Bcrypt Cocktail and Hash Extraction

TL;DR - Combining bcrypt with other unsalted hash functions (such as MD5 or SHA-1) can lead to serious consequences in the form of "extraction" of bcrypt. However, it is still better than just using a weak algorithm. In some cases, it is possible to find something like a "collision".

Hash Extraction aka. Password Shucking

30ml Legacy Code

Companies that have been around for a while often have to adapt to new circumstances, guidelines, or operating patterns. This is also true in the case of password storage. Years ago, businesses handled this in various ways – they stored passwords without any protection, encrypted them, or used fast hashing functions like MD5 or SHA-1. However, when the winds of change blew and the desire or necessity to adapt their infrastructure to current standards emerged, a problem arose. How can we change all the password hashes for our users across the entire database to a newer algorithm? There are three approaches that can be highlighted.

First, force everyone to reset their password. This, however, comes with certain consequences – it’s neither convenient for us nor for the users. We need to handle a large, sudden, and immediate number of operations and risk being suspected of a data leak. Customers may want to stop using the platform.

Second, we can replace the hashes in the database upon login. This idea is not bad – no one will know, and from the outside, it won’t be visible, but how long will this take? Some users are likely to be our regular customers, but replacing all of them could take months, if not years, at best. What if we have a leak in the meantime? What about users who never log in? Public opinion won’t care that 15% of users were switched to bcrypt before the leak. It also requires supporting many login mechanisms at once.
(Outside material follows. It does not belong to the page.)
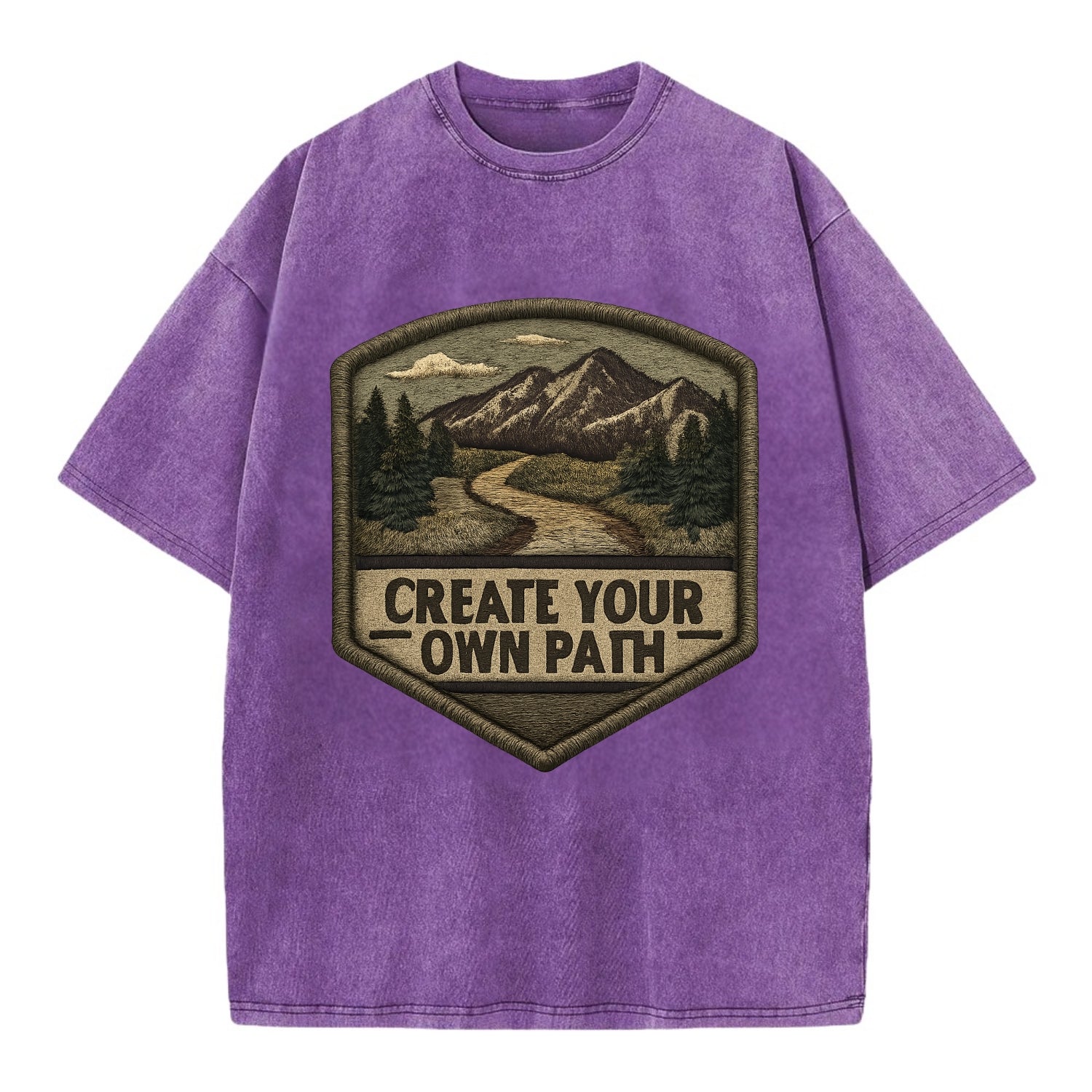 CREATE YOUR OWN PATH - trail with text in brown , independence - Vintage T-shirt - Purple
Third – what about hashing the hash? Let’s take each user’s hash and compute a bcrypt from it – e.g., bcrypt(MD5($pass)). This mechanism is also invisible from the outside. While we have to support two algorithms simultaneously, we are secure right away since we don’t have MD5 in the database. But are we really?

90ml Data from Leaks

The problem that starts to emerge is password shucking. This method, which doesn’t have a well-known translation or description in Polish, we’ll refer to as hash extraction. To understand why it’s a problem, let’s take a look at one of the most popular services aggregating data about leaks – haveibeenpwned. Currently, it holds 12,485,202,808 passwords from 664 sites as of March 27, 2023. Let’s look at some of the most recent leaks reported by HIBP: TheGradCafe, Shopper+, Eye4Fraud, LBB, and iDTech – all of which were posted on Twitter by HIBP in March 2023.

Screenshot%20from%202023-03-27%2010-09-30

Screenshot%20from%202023-03-27%2010-10-22

Screenshot%20from%202023-03-27%2010-10-35

Screenshot%20from%202023-03-27%2010-10-46

Screenshot%20from%202023-03-27%2010-11-00

The overwhelming majority of the hashes from these and many other leaks reported by HIBP were already in their database. What does this mean? One could argue that at least some users are simply reusing the same password in multiple places.
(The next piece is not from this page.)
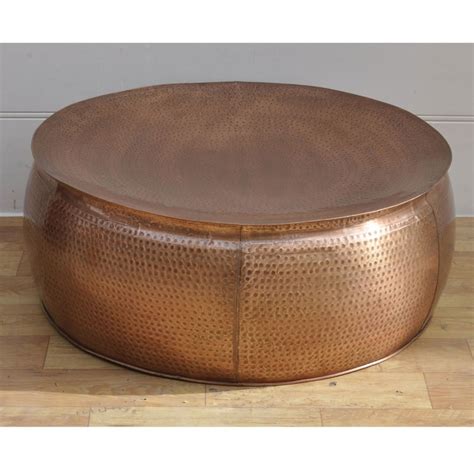 Zoumi Hammered Iron Round Coffee Table 82cm Copper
Other leaks disclosed this year:

3

md51

md52

[center](Passwords stored in MD5 or even in plain text.) [/center]

So, what exactly is hash extraction? Let’s take a (slightly modified) example from Royce Williams, a member of the hashcat team. The hypothetical situation is as follows:

  1. The attacker obtains a database from a cryptocurrency exchange, where password hashes are stored in bcrypt.
  2. The attacker attempts simple, direct attacks on bcrypt – but unfortunately, they fail because bcrypt is very slow.
  3. The attacker constructs a dictionary for a bcrypt attack that contains MD5 hashes from another unrelated leak, for example, from a dating site. They check if any of the MD5 hashes are valid "passwords" for bcrypt. They may also search for the hash of a specific user if the attack is targeted at a particular person. If the attacker finds even one valid MD5 hash, they can draw the following conclusions:
    • First, directly cracking bcrypt hashes, where the base is an MD5 output, is unlikely.
    • Second, cracking MD5 from another leak, combined with the common practice of reusing passwords across sites, gives the attacker a decent chance of success.
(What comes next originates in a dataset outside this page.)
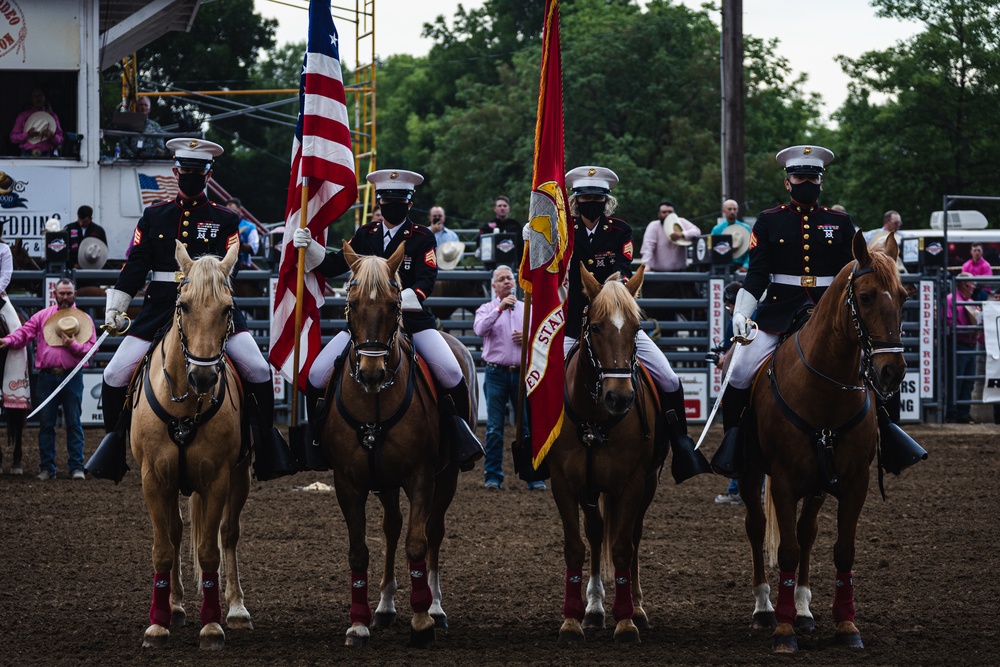 USMC Mounted Color Guard at the Redding Rodeo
Cracking MD5 in practice is much faster than bcrypt. A graphics card like the RTX4080 Founders Edition can crack MD5 at a speed of around 98,000 MH/s, or ninety-eight billion hashes per second. Bcrypt? 131 kH/s – or one hundred thirty-one thousand hashes per second. There is a difference.

This is what password shucking is – extracting the weaker algorithm from a stronger wrapper. This kind of "wrapping" also happens in other situations, such as when someone (somewhat ineptly) wants to bypass bcrypt's maximum password length limitation or believes that it will "strengthen" easy passwords. This isn’t limited to just MD5; any unsalted algorithm wrapped in bcrypt can fall prey to this. The hashcat tool also supports directly cracking unsalted algorithms wrapped in bcrypt:

  • 25600 - bcrypt(md5($pass))
  • 25800 - bcrypt(sha1($pass))
  • 30600 - bcrypt(sha256($pass))
  • 28400 - bcrypt(sha512($pass))

This is not a theoretical attack – Royce acknowledges that:

This is not a theoretical attack. It is used all the time by advanced password crackers to successfully crack bcrypt hashes that would otherwise be totally out of reach for the attacker.

2 Good Pieces of Advice

So, how should we do this right?

  1. Use a pepper, which is a separately stored, long and random value that is added to the weaker algorithm (e.g., bcrypt(md5($pass).$pepper)), so that other leaks don’t give an advantage in breaking the wrapped hashes. However, one needs to keep an eye on it – losing the pepper means returning to square one.
  2. Combine the ideas of wrapping current hashes and replacing them with "standard" bcrypt upon user login.

Shaken, Not Stirred – Bcrypt Cocktail Served

Another problem we might encounter when combining bcrypt with other functions is how it has been implemented. Let’s look at PHP and an entry from Anthony Ferrara (@ircmaxwell) describing bcrypt implementation. It all comes down to one sentence:

Basically, it ignores everything after the first null byte.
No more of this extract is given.